───── INFORMATION ─────
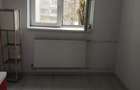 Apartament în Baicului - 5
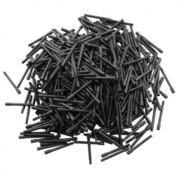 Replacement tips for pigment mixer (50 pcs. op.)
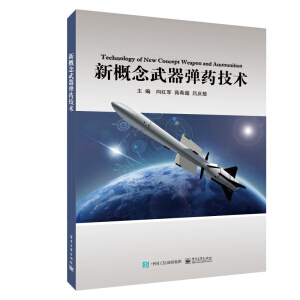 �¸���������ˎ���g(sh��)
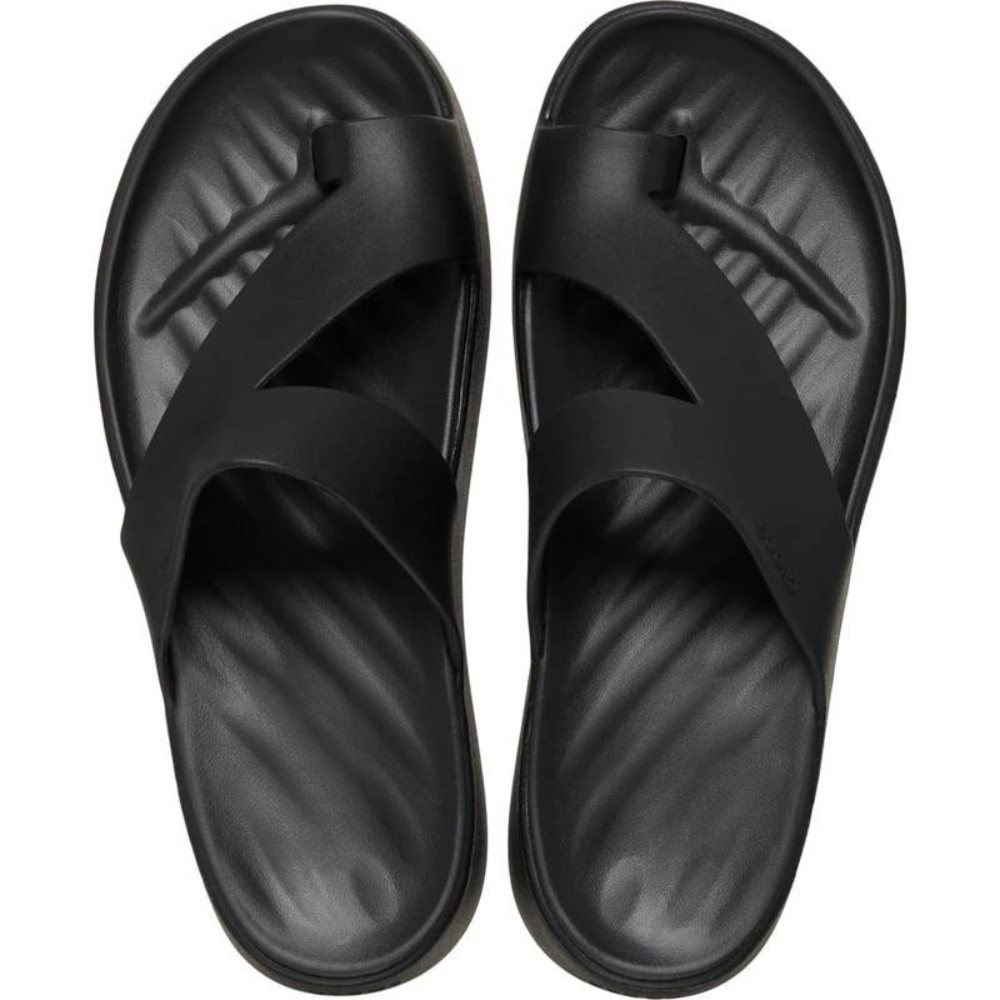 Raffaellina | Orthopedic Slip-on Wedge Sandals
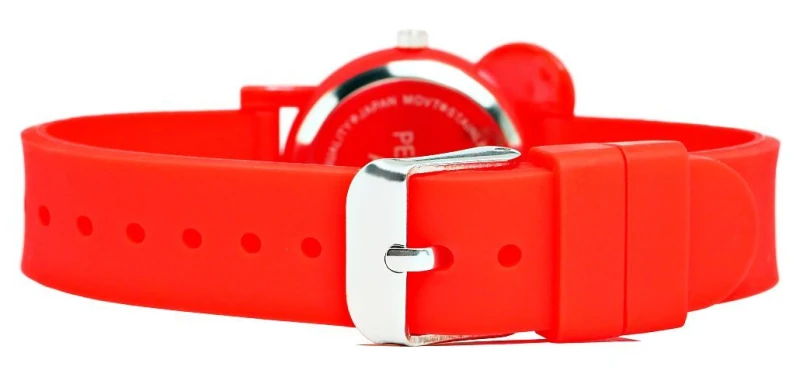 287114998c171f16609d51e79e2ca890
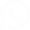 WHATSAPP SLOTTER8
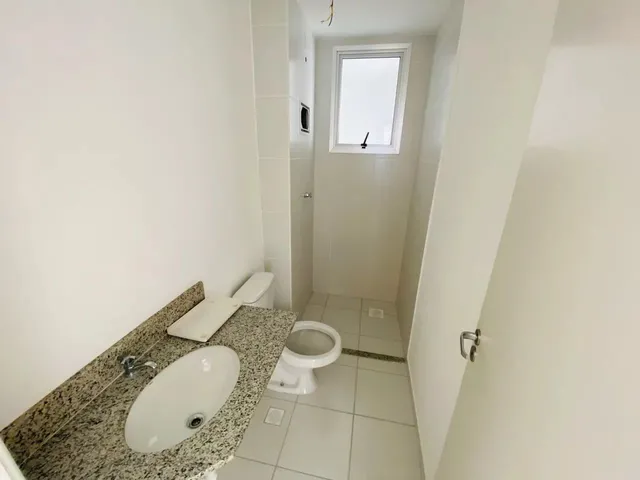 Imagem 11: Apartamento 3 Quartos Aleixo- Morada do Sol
─────
Reproduce exactly and only the lines from the "287114998c171f16609d51e79e2ca890" line to the last line of the records above. Do not carry over any pictures.

ANSWER TO THIS PROBLEM →
 287114998c171f16609d51e79e2ca890
 WHATSAPP SLOTTER8
 Imagem 11: Apartamento 3 Quartos Aleixo- Morada do Sol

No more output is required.